Pracownicy Biura Bezpieczeństwa Narodowego pod lupą. Powołano specjalny wewnętrzny zespół
Czy na jednym zwolnieniu w Biurze Bezpieczeństwa Narodowego się nie skończy? To możliwe. Po tym, jak media poinformowały o tym, że w latach 1983-90 płk. Czesław Juźwik służył w Wojskowej Służbie Wewnętrznej, natychmiast stracił stanowisko. Według nieoficjalnych informacji sprawdzeni zostaną też inni pracownicy. Ich przeszłość ma weryfikować specjalny wewnętrzny zespół.

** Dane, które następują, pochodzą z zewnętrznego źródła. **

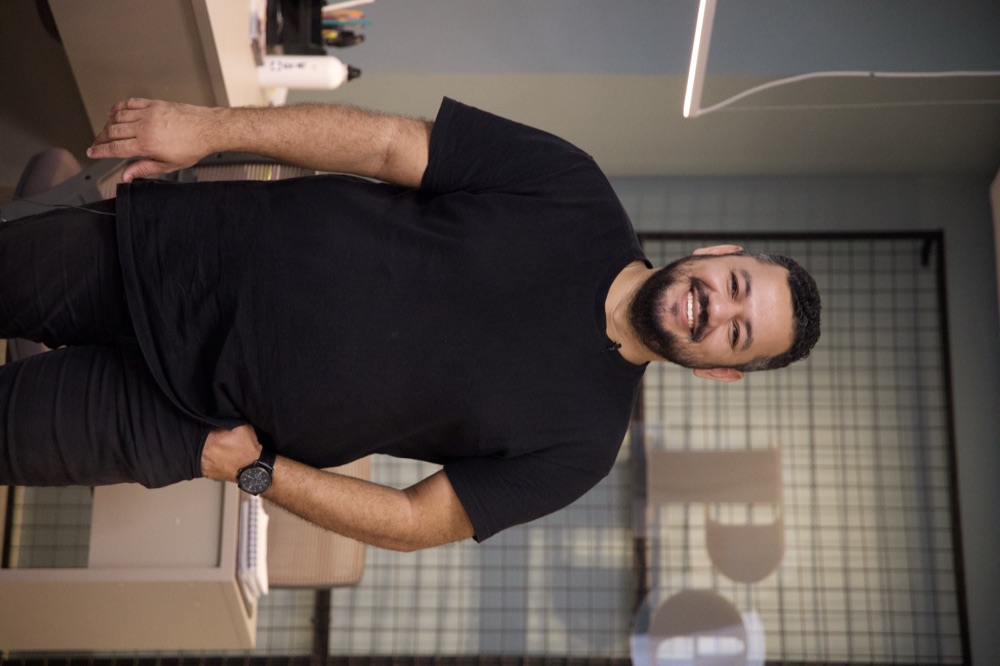 Tiago Pedro — retrato no escritório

27.09.2017 | aktual.: 28.03.2022 11:41
Teczki personalne pracowników BBN mają zostać dokładnie przeanalizowane pod kątem ewentualnej pracy w organach bezpieczeństwa PRL - podaje RMF FM, powołując się na nieoficjalne informacje. Oceny ma dokonać specjalnie powołany do tego wewnętrzny zespół.

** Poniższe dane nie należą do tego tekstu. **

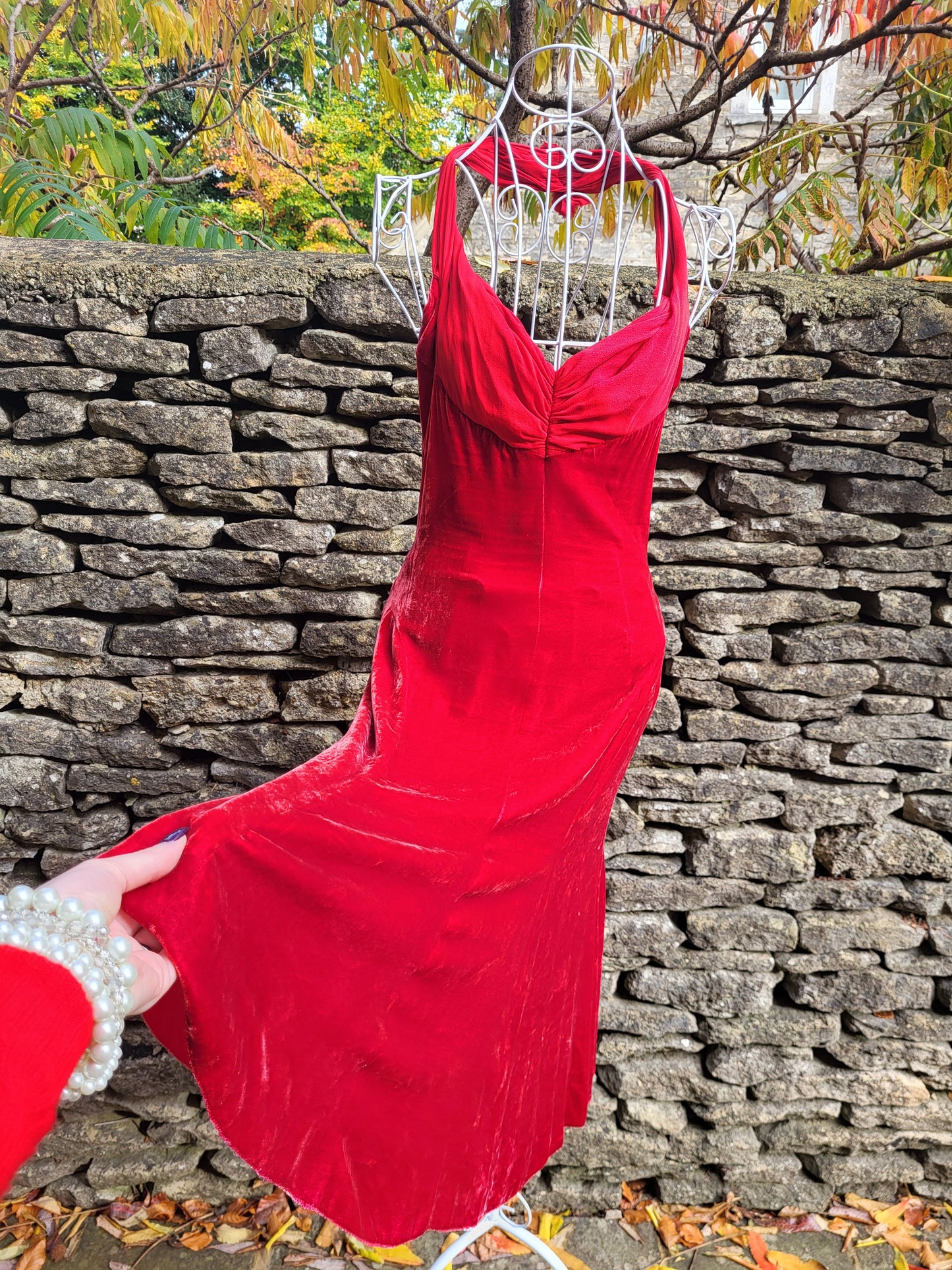 Amanda Wakeley Crimson Silk-Blend Halterneck Dress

Kto zostanie jej poddany? Mowa nawet o kilkudziesięciu pracownikach. Co więcej, do weryfikacji mają zostać wykorzystane "narzędzia i informacje" dostępne zarówno w BBN, jak i poza nim.
Do tych informacji odnieśli się też internauci.
Casus Juźwika
Informacje o specjalnym wewnętrznym zespole sprawdzającym pracowników BBN kreślą pesymistyczny scenariusz. Jeśli weryfikacja wykaże, że pracowali w organach bezpieczeństwa PRL, możliwe, że podzielą los Juźwika.
Przypomnijmy, że po publikacji "Gazety Polskiej" szef BBN Paweł Soloch zdecydował o natychmiastowym rozwiązaniu umowy o pracę z Juźwikiem. - Informujemy, że po otrzymaniu sygnałów ze strony przedstawicieli mediów, szef BBN odbył rozmowę z ekspertem w Departamencie Zwierzchnictwa nad Siłami Zbrojnymi w BBN płk. rez. Czesławem Juźwikiem, podczas której poinformowany został o fakcie jego służby w Wojskowej Służbie Wewnętrznej w latach 1983-1990 - napisano w komunikacie Biura.
Ministerstwo Obrony Narodowej, poproszone o przekazywanie wszelkich niepokojących sygnałów dotyczących zatrudnionych w BBN osób, zapewnił, że "dotychczas żadne informacje o takim charakterze nie zostały przekazane". Resort w komunikacie poinformował też, że nie ma żadnej prawnej możliwości oddziaływania na politykę kadrową prowadzoną przez kierownictwo BBN.
Jak całą sytuację komentuje Juźwik? Podkreślił, że informacji o swojej przeszłości nie ukrywał. - Bardzo obszernie poinformowałem o tym przełożonych. Wyrażając też zdziwienie, że te fakty - jak twierdzili - nie były im znane. I zostałem grzecznie poproszony o złożenie wypowiedzenia, co zrobiłem - tłumaczył w rozmowie z RMF FM. Co więcej, nazwał siebie "kozłem ofiarnym walki na wyższych szczeblach polityki".